BEGIN Dataset records
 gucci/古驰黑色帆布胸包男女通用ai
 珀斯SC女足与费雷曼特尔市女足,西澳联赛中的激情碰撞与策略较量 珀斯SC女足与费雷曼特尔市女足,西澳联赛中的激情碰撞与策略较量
END Dataset records
BEGIN Dataset records
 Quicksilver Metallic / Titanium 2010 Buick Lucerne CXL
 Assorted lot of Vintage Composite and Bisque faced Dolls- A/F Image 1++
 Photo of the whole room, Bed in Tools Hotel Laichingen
END Dataset records
Exercise
Go through the material above and output exactly the lines from the one containing "gucci/古驰黑色帆布胸包男女通用ai" through the one containing "珀斯SC女足与费雷曼特尔市女足,西澳联赛中的激情碰撞与策略较量 珀斯SC女足与费雷曼特尔市女足,西澳联赛中的激情碰撞与策略较量".

Finished task
 gucci/古驰黑色帆布胸包男女通用ai
 珀斯SC女足与费雷曼特尔市女足,西澳联赛中的激情碰撞与策略较量 珀斯SC女足与费雷曼特尔市女足,西澳联赛中的激情碰撞与策略较量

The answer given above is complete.